Pendidikan sains menekankan pada pemberian pengalaman secara langsung. Dengan demikian, anak
perlu dibantu untuk mengembangkan sejumlah ketrampilan proses sains agar mampu menjelajahi
serta memahami alam sekitarnya.
Dengan memberikan pembelajaran sains sejak usia dini dapat melatih anak dalam
menggunakan pikirannya, kekuatannya, kejujurannya serta teknik-teknik yang dimilikinya dengan
penuh kepercayaan diri, sehingga tugas guru adalah mengembangkan program pembelajaran sains
yang dapat mengeksplorasi dan berorientasi sains secara optimal. Program pembelajaran sains yang
diberikan pada anak usia dini hendaklah telah melalui proses analisa tugas dan kemampuan anak,
atas pertimbangan pilihan dan variasi kegiatan yang diminati dan merangsang anak serta sesuai
dengan aspek yang melekat pada anak sebagai individu yang unik.

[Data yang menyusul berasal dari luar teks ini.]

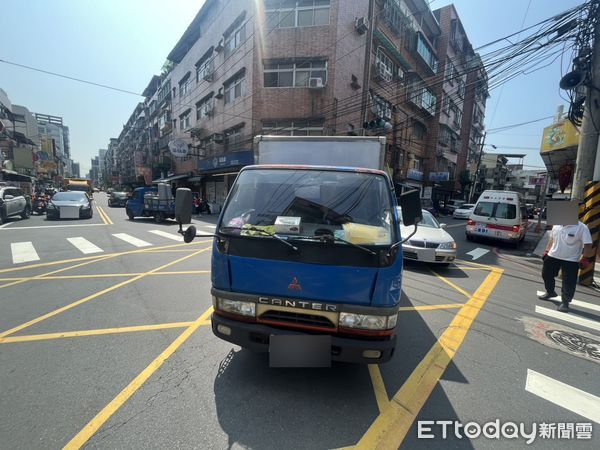 ▲▼ 員警處理車禍被小貨車撞            。（圖／記者戴上容翻攝）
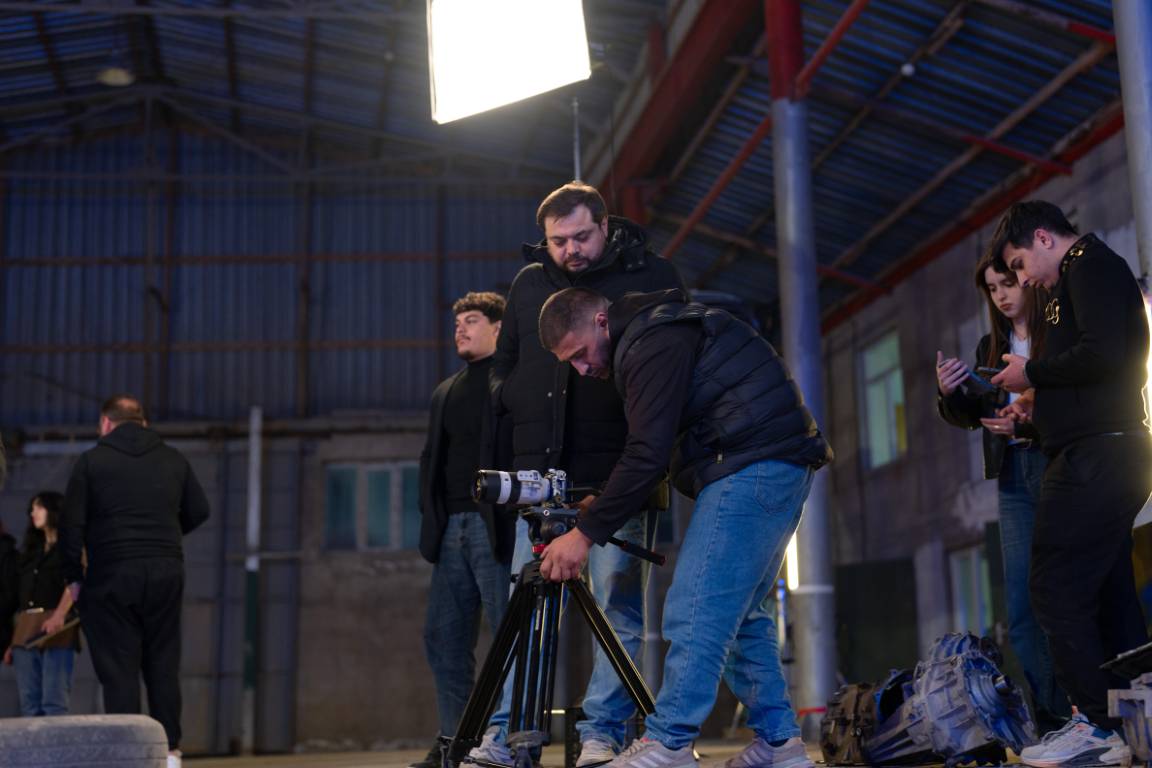 DEVIN FILM Backstage - Kino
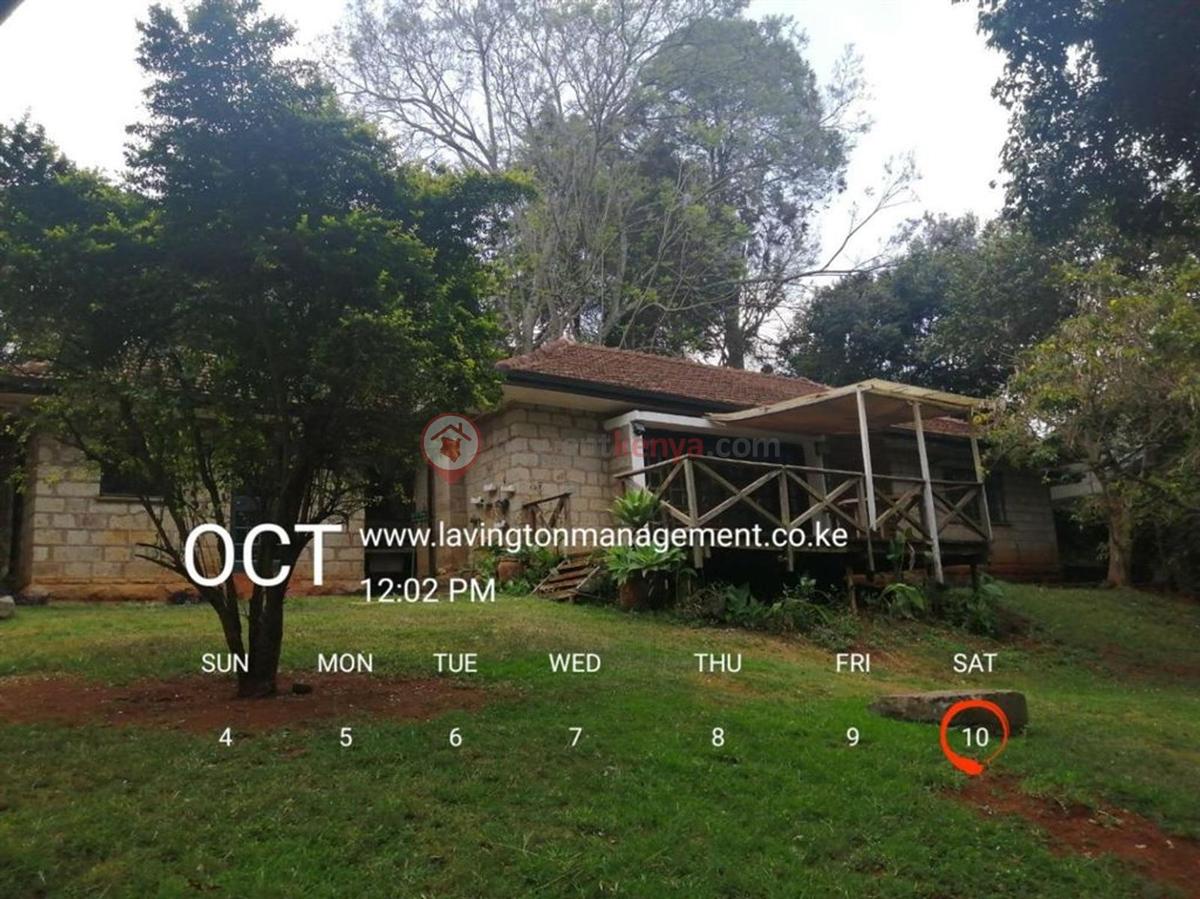 1.1 ac Residential Land at Lavington - 8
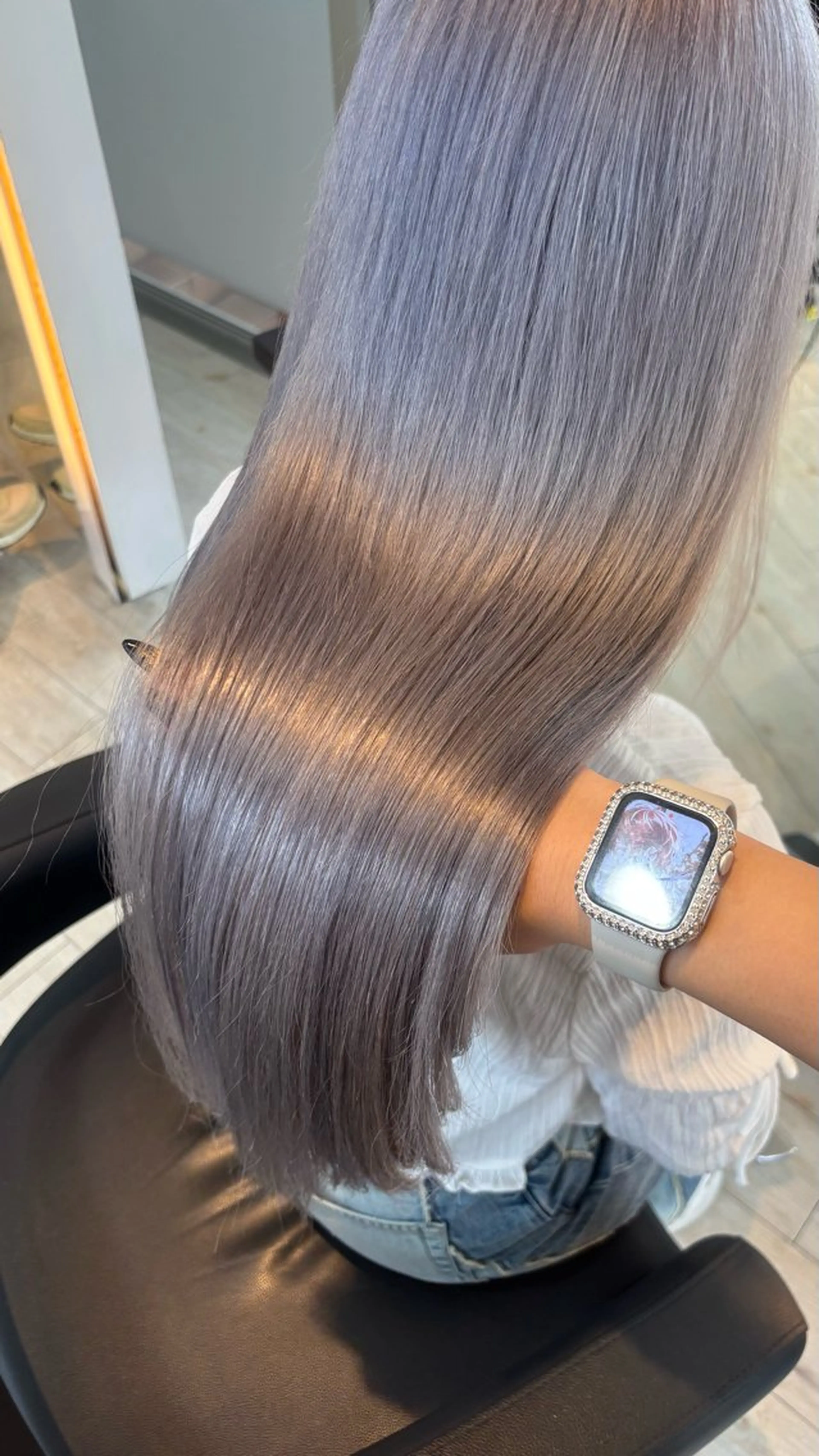 カラー ブリーチ ケアブリーチ ハイトーンカラー シルバー カット ヘアカラー トリートメント miyu/ボブ/ 透明感カラー/栄のヘアスタイル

Pembelajaran pada anak pra sekolah sebaiknya bersifat terpadu atau terintegrasi yaitu
terintegrasi dengan bidang lain seperti matematika, ataupun aktivitas sosial lainnya. Mengenalkan
sains pada anak berarti membantu anak untuk melakukan percobaan sederhana sehingga dapat
menghubungkan sebab dan akibat suatu perlakuan. Percobaan tersebut juga akan membantu anak
untuk mulai berfikir logis. Mengenalkan sains pada anak prasekolah dapat melalui permainan yang
menyenangkan dengan bahan yang ada disekitar anak. Pengenalan sains pada anak prasekolah lebih
ditekankan pada proses daripada produk. Oleh sebab itu dalam bermain sains anak diajarkan untuk
menggunakan seluruh panca indranya sebaik mungkin, agar dalam proses bermain tersbut anak
dapat menemukan jawaban-jawaban dari suatu kegiatan bermain.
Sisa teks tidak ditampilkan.